Is it possible to combine multiple CA certificates into a single CA file? - ssl-certificate

I have two MQTT server environments: PROD and PILOT. These environments each have their own separate certificate authorities. I have one client which can use either CA certificate to connect to each environment. Is it possible to combine these two CA files into a single file so that the CA file need not be changed in the client when I change the environment?
Sample client:
mosquitto_sub -h server.com --cafile /path/to/ca.file
Please note that the CA files contains intermediate CA as well. Please refer another post where I mention this.

From the man page:
--cafile
Define the path to a file containing PEM encoded CA certificates that are trusted. Used to enable SSL communication.
Note the certificates in plural form :-)
Your file should only contain trust-anchors - the Root CA certificates. The other certificates in the chain should be sent by the server. You should consider reconfiguring your server so that the whole chain is sent in line with the TLS protocol (read certificate_list here).

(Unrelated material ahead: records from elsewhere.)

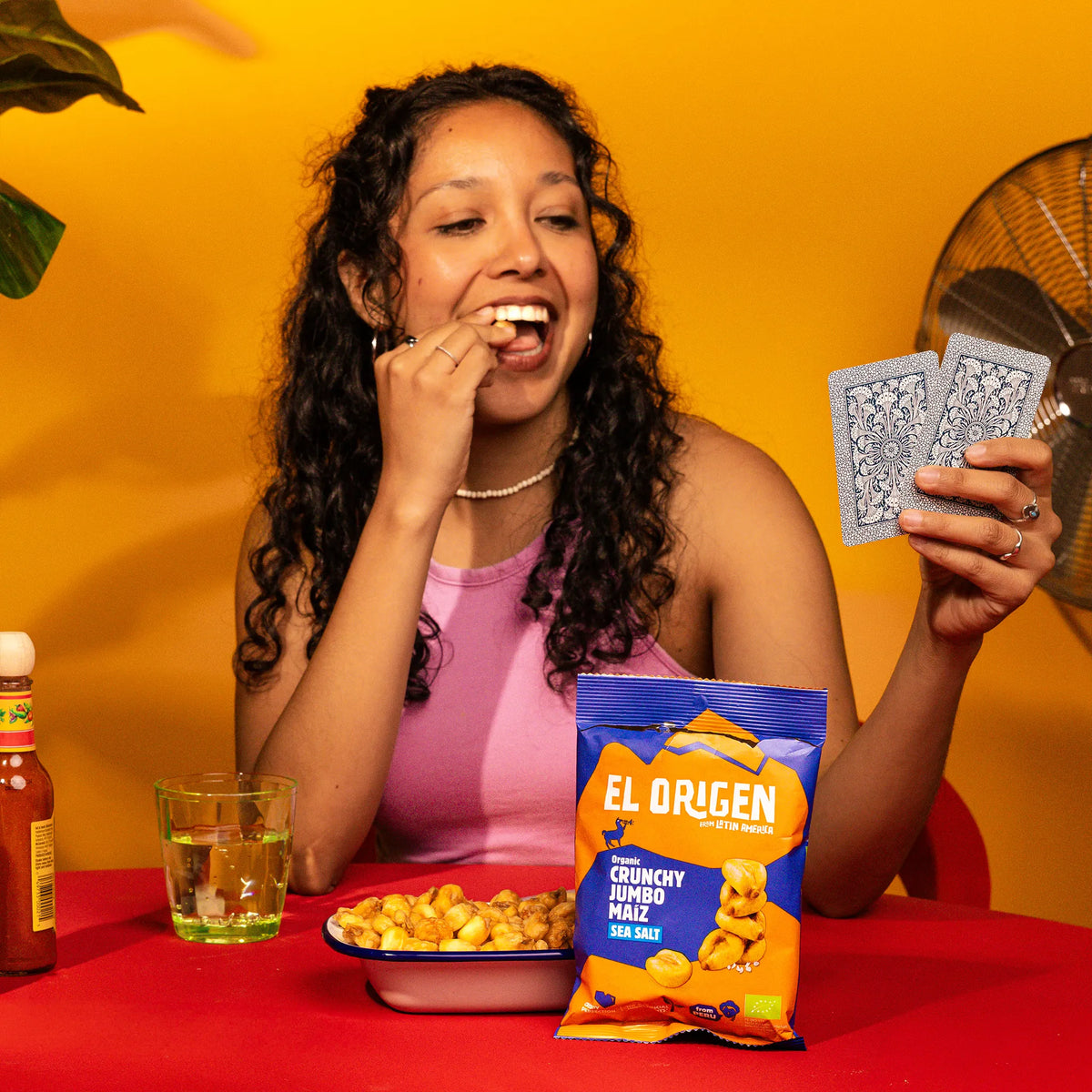 Frau snackt el origen Crunchy Jumbo Maíz aus einer Schale neben der Packung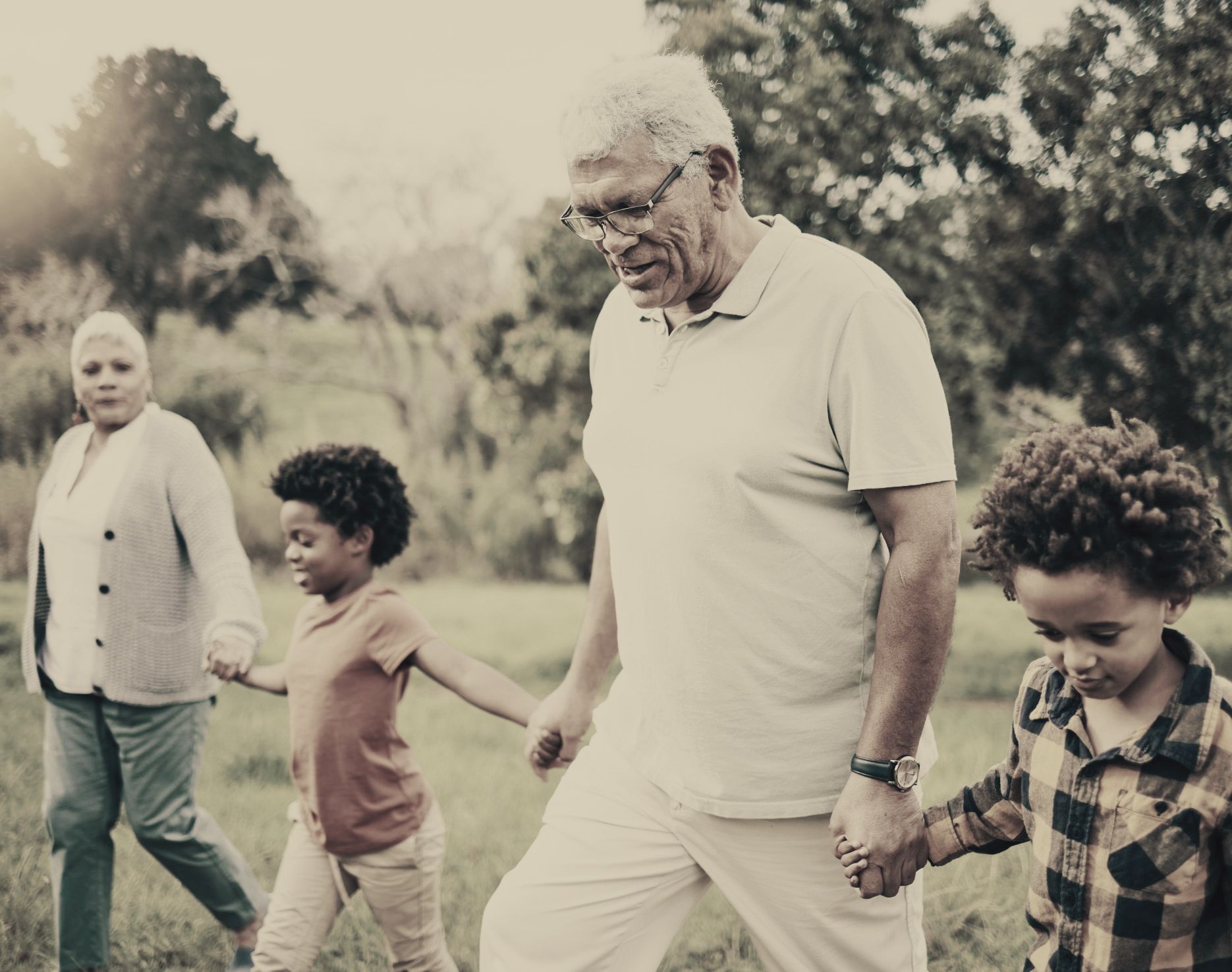 A family is walking through a park holding hands.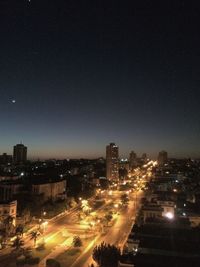 Illuminated cityscape at night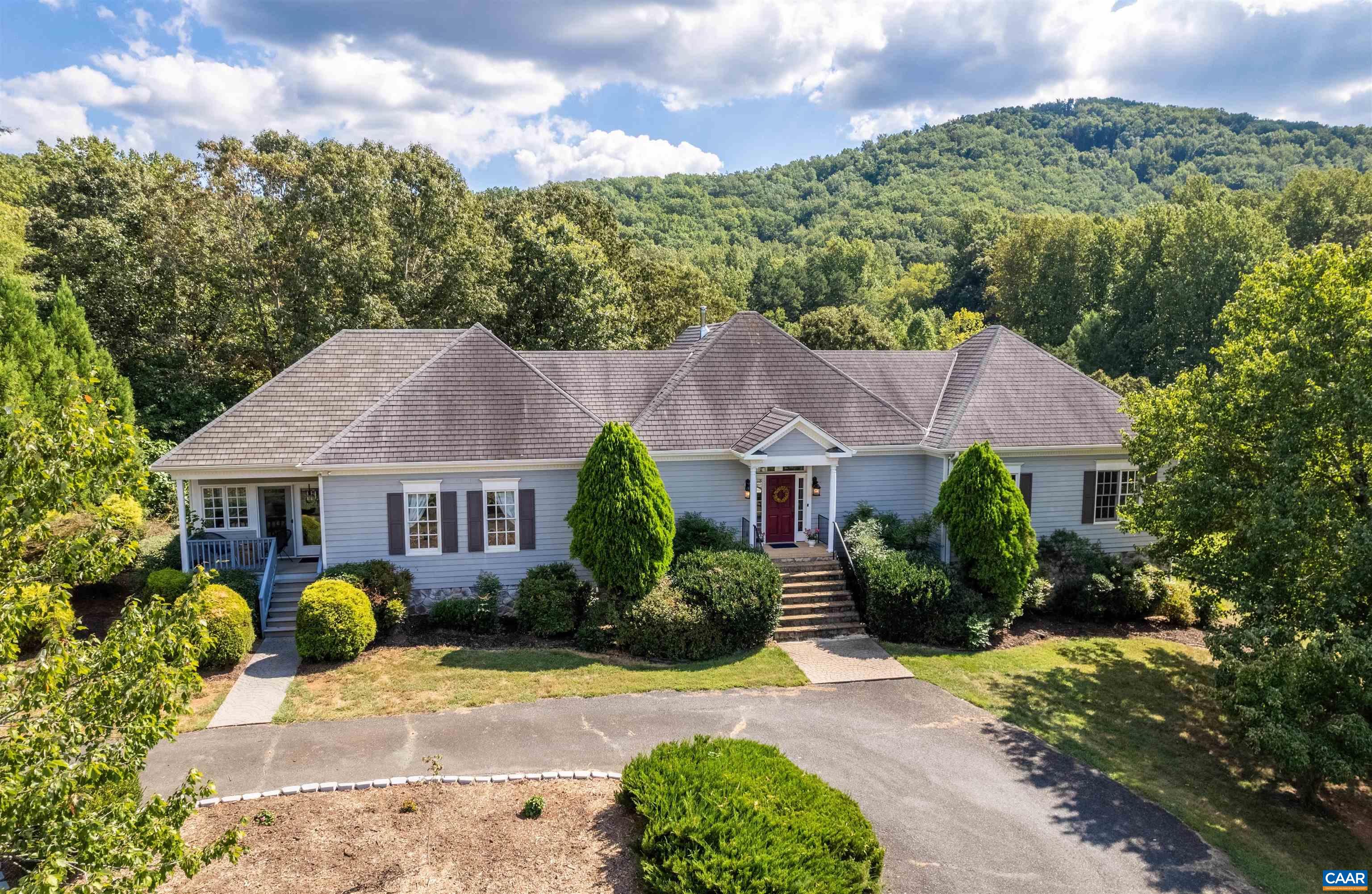 OPEN HOUSE, Sunday, 9/24, 1:00-3:00. Country living at its best just down the road from the delightful Batesville Market in the quaint historic village and minutes from Crozet shopping, schools & restaurants. Builder's own custom built home w/ one level living has been updated & improved in recent years. Features include: main level owner's suite, finished terrace level, detached studio/office, lovely gardens & chicken coop, just to name a few! Gorgeous hardwood floors, extensive moldings & thoughtful details throughout. The central great room has wood burning FP w/ slate surround. Gourmet kitchen features white cabinets, granite countertops & stainless appliances. Light-filled sunroom & huge screened porch w/ stunning mountain views perfect for entertaining or relaxing w/ your favorite book. The spacious owner's suite offers private ensuite bathroom and walk-in closet. Two additional bedrooms and a full bath on the main level. Terrace level is finished and features a huge rec room w/ custom built-ins & luxury vinyl flooring that leads to two additional bedrooms & full bath, plus laundry and oversized 2 car garage w/ tons of storage. 3rd garage space is attached to the separate studio/cottage.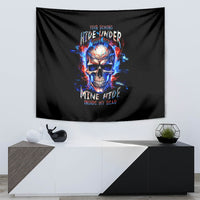Black skull tapestry with flaming blue-red artwork, on wall above a white console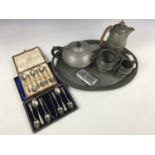 A 1920s "Castle Pewter" part tea service and tray, together with a similar teapot, two cased sets of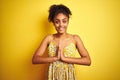 African american woman wearing casual floral dress standing over isolated yellow background praying with hands together asking for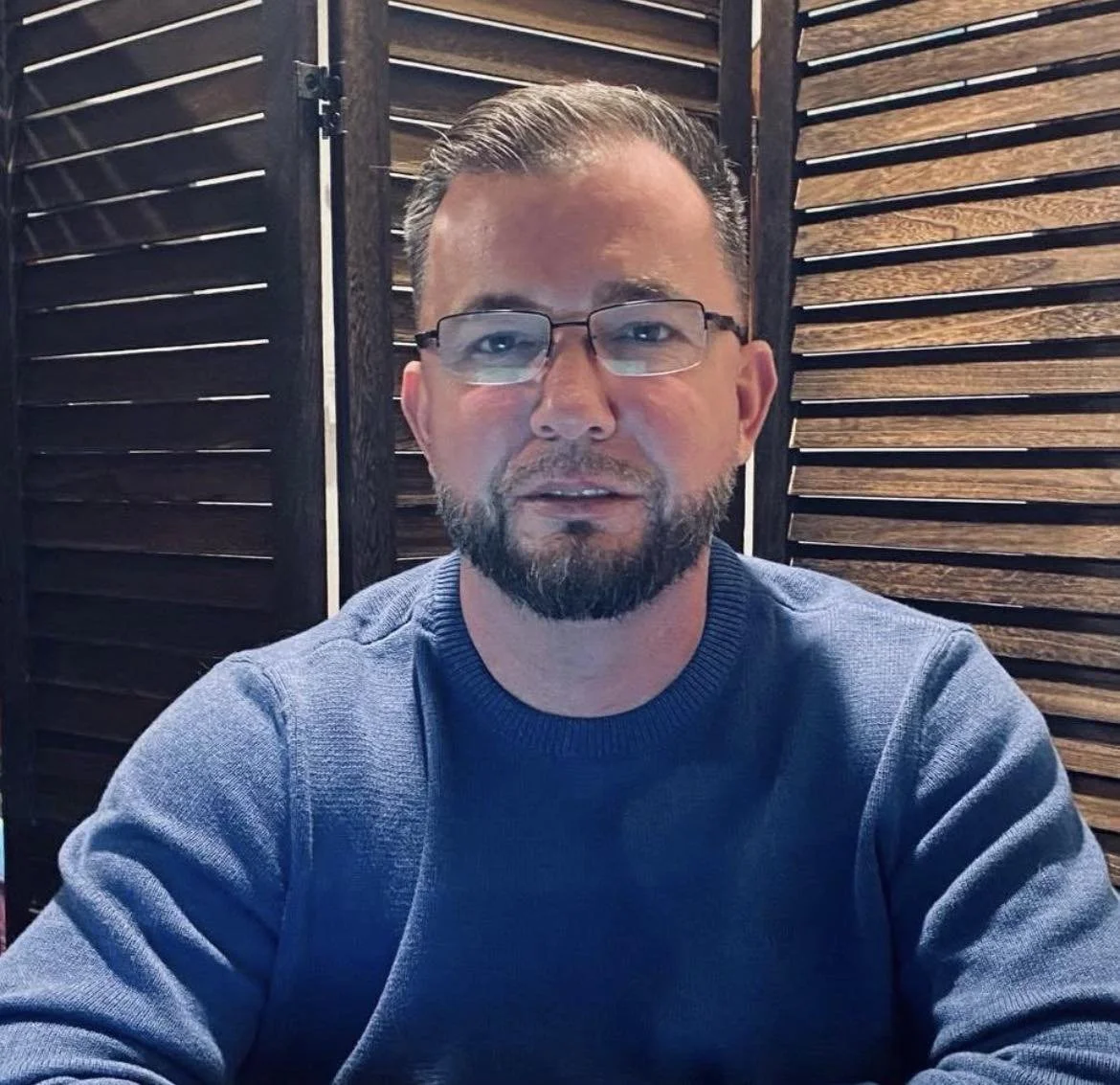 A man with glasses and a beard sitting in front of wooden slatted dividers in a indoor setting.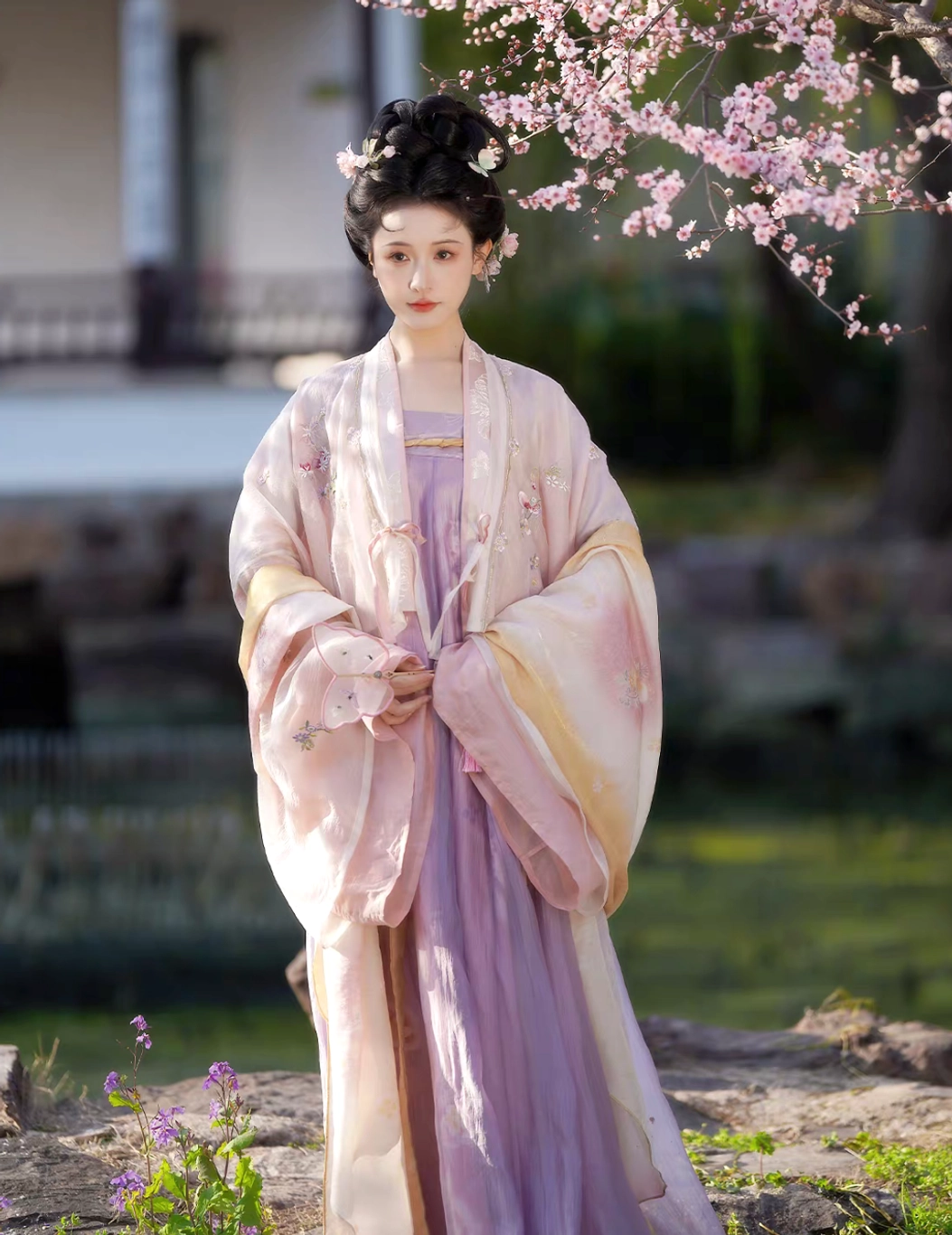 Front view of Hundred Flowers Scroll Tang Dynasty hanfu full set with pink wide sleeves, lavender skirt, flower hair ornaments and Famen Temple inspired shawl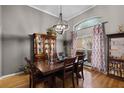 Elegant dining room featuring a wooden table, stylish chandelier, and large window with patterned curtains at 889 Kensington Gardens Ct, Oviedo, FL 32765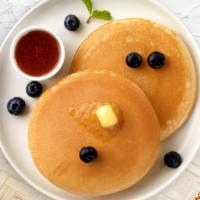 Feeling Blueberry Pancakes · Fluffy pancakes cooked with care and love served with blueberries, butter and maple syrup. S...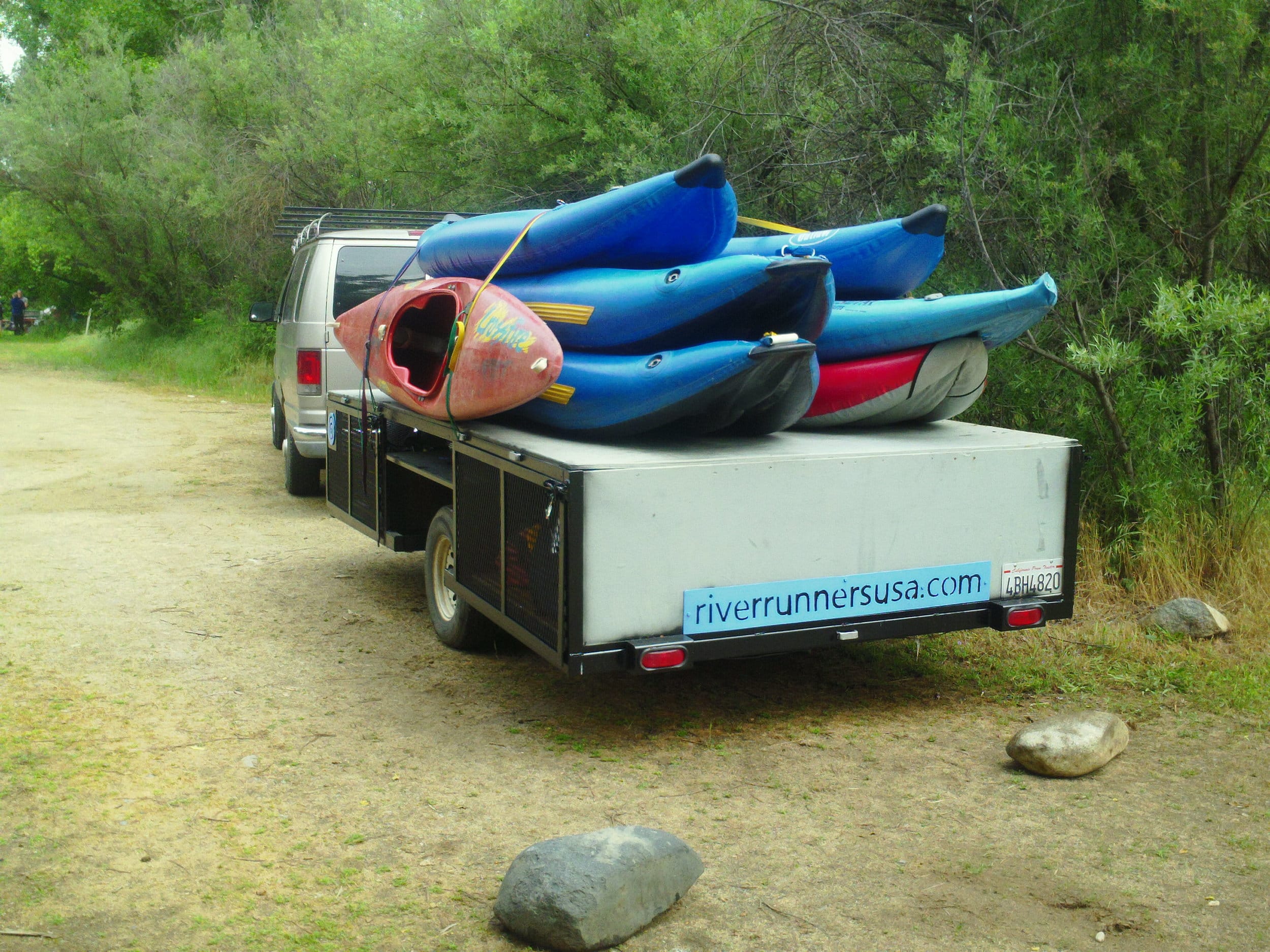 River Runners van and trailer with kayaks ready to go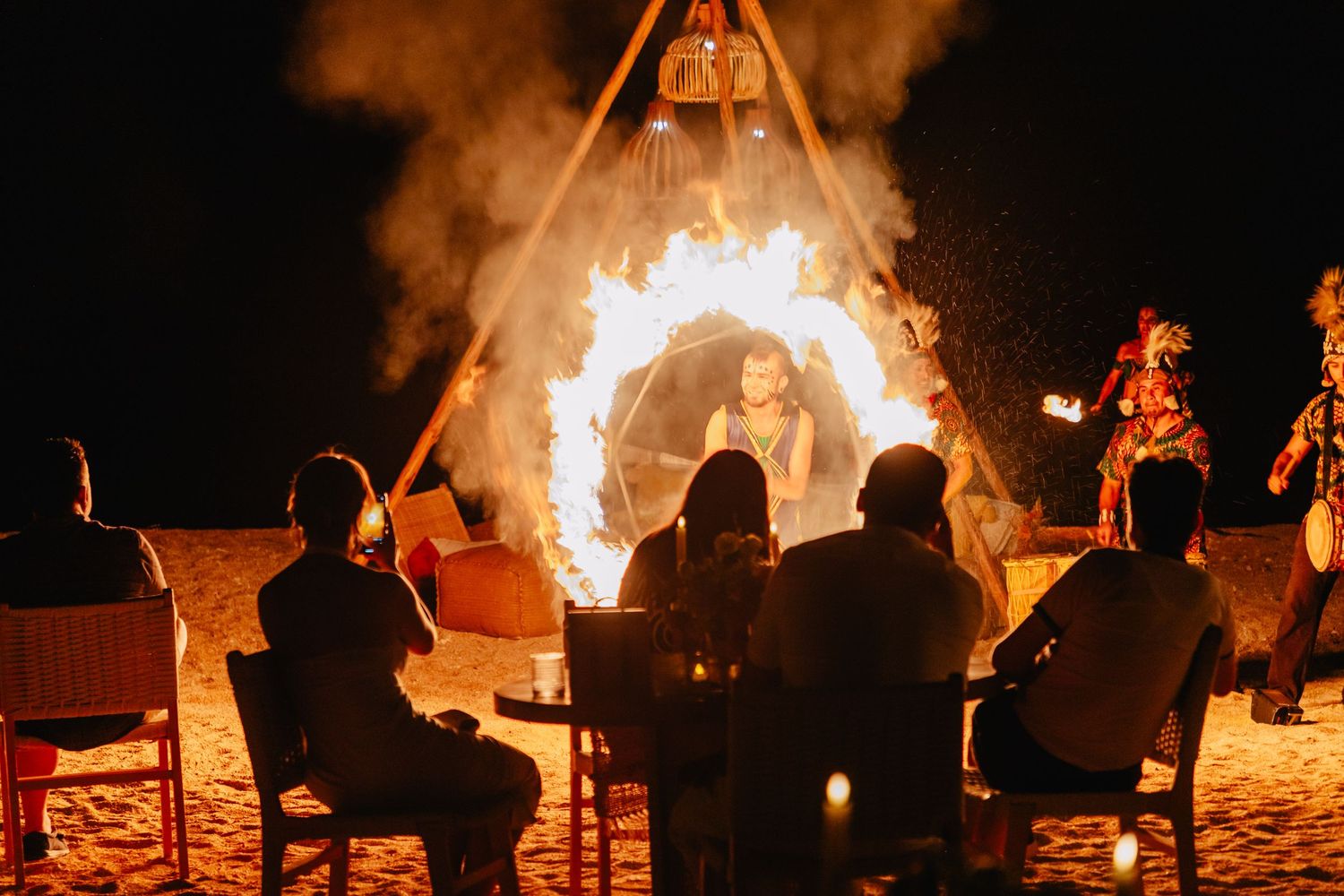 Dramatic fire dance performance illuminating the beach at night during an event.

While it often works, placing intermediate certificates in the trust-anchors store doesn't help matters. If you were to renew the intermediate (which happens more often than the root) then you will need to replace the intermediate in all your clients. Might not be an issue in your case, but in the real-world that is a major headache. Also, depending on the libraries used and how the developers wrote the client, it may not check revocation of the intermediate if it is used as a trust-anchor.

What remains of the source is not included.